4/30/2007 4:49:27 PM - John Fund

Campaign finance laws are increasingly becoming a tool to suppress political speech, and the courts are finally waking up to the danger. Last week a unanimous Washington state Supreme Court struck down an outrageous interpretation of a law that had been used to classify the antitax comments of two Seattle talk-radio hosts as "campaign contributions" subject to regulation — that is, suppression — by local prosecutors and officials who disagreed.

Washington's highest court struck down a decision by Superior Court Judge Chris Wickham, who in 2005 ordered KVI radio hosts John Carlson and Kirby Wilbur had to place a monetary value on "campaign contributions" they made when they argued in favor of Initiative 912, a ballot measure to repeal a 9.5-cent-a-gallon increase in the state's gasoline tax. The antitax measure ultimately lost by 6% of the vote, in part because its opponents outspent its supporters by 20 to 1.

But the "unofficial" support of the measure by talk-show hosts such as Messrs. Carlson and Wilbur, who went so far as to actively tell listeners how they could sign petitions to get I-912 on the ballot, infuriated the self-styled Keep Washington Rolling coalition, which backed the gas tax hike. The coalition convinced a local prosecutor in San Juan County, along with the cities of Kent, Auburn and Seattle, to sue KVI radio demanding that it be brought under the state's campaign finance laws.

In siding with the localities, Judge Wickham insisted he was not restricting speech, merely requiring the reporting of "in kind" contributions to the antitax campaign. But in fact he was equating speech to money, for these "contributions" consisted entirely of speech.

State law bans any entity from contributing more than $5,000 in cash or services within three weeks of an election. As the November 2005 election neared, the state's Public Disclosure Commission warned the group sponsoring Initiative 912 that it faced fines, penalties and civil prosecutions if anyone contributed more than $5,000 — and that Messrs. Carlson and Wilbur could violate the law if they kept talking about Initiative 912 as the election approached. "The idea that I couldn't talk about I-912 in the last 2 1/2 weeks of the campaign, which are the most pivotal, was just outrageous," Mr. Carlson told me.

First Amendment scholars tell me that if the Supreme Court had upheld Judge Wickham's ruling, it would have had a chilling effect on talk and news shows across America. And what would have been next? A judge ordering a newspaper to determine a monetary value for an editorial endorsement? In Parker North, Colo., residents who are fighting an annexation move are being sued merely for putting up yard signs and passing out flyers without registering these "contributions" with state election officials.

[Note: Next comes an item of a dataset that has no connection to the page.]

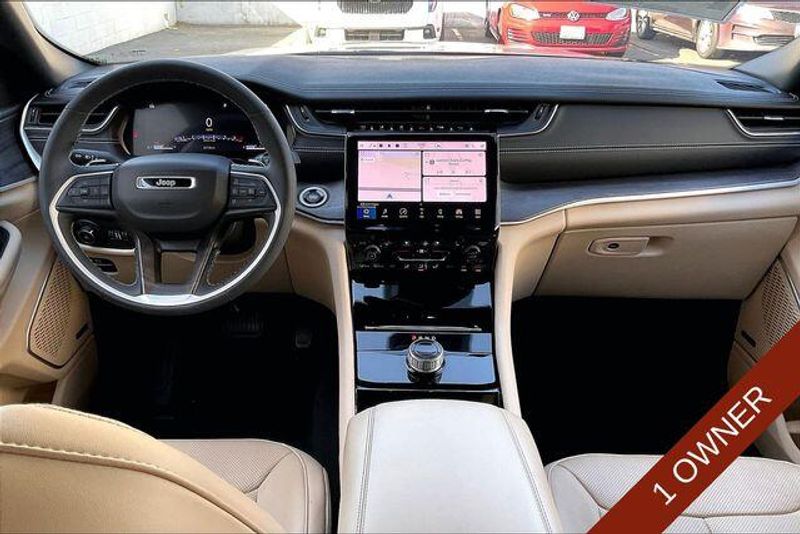 Used 2023 Jeep Grand Cherokee LimitedImage 15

Washington's largely liberal Supreme Court agreed that political free speech was jeopardized by the attempt to regulate media outlets under campaign finance laws. Writing in concurrence, Justice Jim Johnson noted, "Today we are confronted with an example of abusive prosecution by several local governments. . . . This litigation was actually for the purpose of restricting or silencing political opponents." The court took the unusual step of sending the case back to the trial court to determine the nature of any constitutional violations the prosecutors who brought the case committed and whether the Initiative 912 supporters have a right to collect attorneys' fee from the local governments who sued them.

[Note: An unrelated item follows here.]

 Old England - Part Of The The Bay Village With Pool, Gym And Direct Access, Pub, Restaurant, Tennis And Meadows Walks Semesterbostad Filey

Also last week, the U.S. Supreme Court heard arguments in a case involving a Wisconsin pro-life group that ran afoul of McCain-Feingold restrictions on ads run by advocacy groups within 60 days of an election. Court observers believe the oral arguments went well for those challenging the law, and there is cautious optimism the court will pare back its pro-regulatory view of political speech. Certainly, the Supreme Court justices would benefit from a close reading of the Washington state court's decision.

Those in the media who support campaign regulations such as McCain-Feingold, believing that their own free speech is safe, could stand to read the decision too. The zealous pursuit of Messrs. Carlson and Wilbur showed how overreaching government officials can use such laws to intimidate the media into silence. One can only imagine how the media cheerleaders of McCain-Feingold would have reacted if they had been ordered to estimate a value for their all-out efforts to promote the legislation and were then faced with restrictions on their own speech.